Calculates the distance to the closest zero pixel for each pixel of the source image.

The function cv::distanceTransform calculates the approximate or precise distance from every binary image pixel to the nearest zero pixel. For zero image pixels, the distance will obviously be zero.

When maskSize == DIST_MASK_PRECISE and distanceType == DIST_L2 , the function runs the algorithm described in [69] . This algorithm is parallelized with the TBB library.

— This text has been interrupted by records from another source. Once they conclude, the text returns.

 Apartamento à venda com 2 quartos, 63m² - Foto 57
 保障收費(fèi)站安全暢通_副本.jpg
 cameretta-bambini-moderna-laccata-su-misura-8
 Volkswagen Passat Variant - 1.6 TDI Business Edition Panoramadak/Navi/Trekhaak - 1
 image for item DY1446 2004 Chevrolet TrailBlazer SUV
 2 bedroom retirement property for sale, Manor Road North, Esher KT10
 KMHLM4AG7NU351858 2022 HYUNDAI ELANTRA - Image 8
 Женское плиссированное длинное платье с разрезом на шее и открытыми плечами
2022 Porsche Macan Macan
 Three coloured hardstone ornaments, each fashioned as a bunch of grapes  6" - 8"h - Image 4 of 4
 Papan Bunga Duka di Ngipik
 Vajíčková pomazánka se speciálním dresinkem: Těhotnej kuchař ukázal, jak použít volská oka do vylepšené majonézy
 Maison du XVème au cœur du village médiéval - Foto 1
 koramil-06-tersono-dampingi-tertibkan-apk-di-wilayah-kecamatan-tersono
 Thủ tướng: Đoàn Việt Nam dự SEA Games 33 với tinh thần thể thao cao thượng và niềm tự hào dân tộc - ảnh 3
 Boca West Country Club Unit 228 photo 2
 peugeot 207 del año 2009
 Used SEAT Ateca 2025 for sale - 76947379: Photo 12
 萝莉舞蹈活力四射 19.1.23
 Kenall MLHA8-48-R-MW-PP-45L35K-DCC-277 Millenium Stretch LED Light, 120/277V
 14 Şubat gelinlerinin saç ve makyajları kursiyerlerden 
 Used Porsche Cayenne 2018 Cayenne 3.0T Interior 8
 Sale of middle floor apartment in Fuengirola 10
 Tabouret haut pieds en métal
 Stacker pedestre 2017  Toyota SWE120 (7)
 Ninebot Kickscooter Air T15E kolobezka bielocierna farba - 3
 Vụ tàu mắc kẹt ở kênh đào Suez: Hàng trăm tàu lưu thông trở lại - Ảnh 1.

In other cases, the algorithm [28] is used. This means that for a pixel the function finds the shortest path to the nearest zero pixel consisting of basic shifts: horizontal, vertical, diagonal, or knight's move (the latest is available for a \(5\times 5\) mask). The overall distance is calculated as a sum of these basic distances. Since the distance function should be symmetric, all of the horizontal and vertical shifts must have the same cost (denoted as a ), all the diagonal shifts must have the same cost (denoted as b), and all knight's moves must have the same cost (denoted as c). For the DIST_C and DIST_L1 types, the distance is calculated precisely, whereas for DIST_L2 (Euclidean distance) the distance can be calculated only with a relative error (a \(5\times 5\) mask gives more accurate results). For a,b, and c, OpenCV uses the values suggested in the original paper:

• DIST_L1: a = 1, b = 2
• DIST_L2:
  • 3 x 3: a=0.955, b=1.3693
  • 5 x 5: a=1, b=1.4, c=2.1969
• DIST_C: a = 1, b = 1

Typically, for a fast, coarse distance estimation DIST_L2, a \(3\times 3\) mask is used. For a more accurate distance estimation DIST_L2, a \(5\times 5\) mask or the precise algorithm is used. Note that both the precise and the approximate algorithms are linear on the number of pixels.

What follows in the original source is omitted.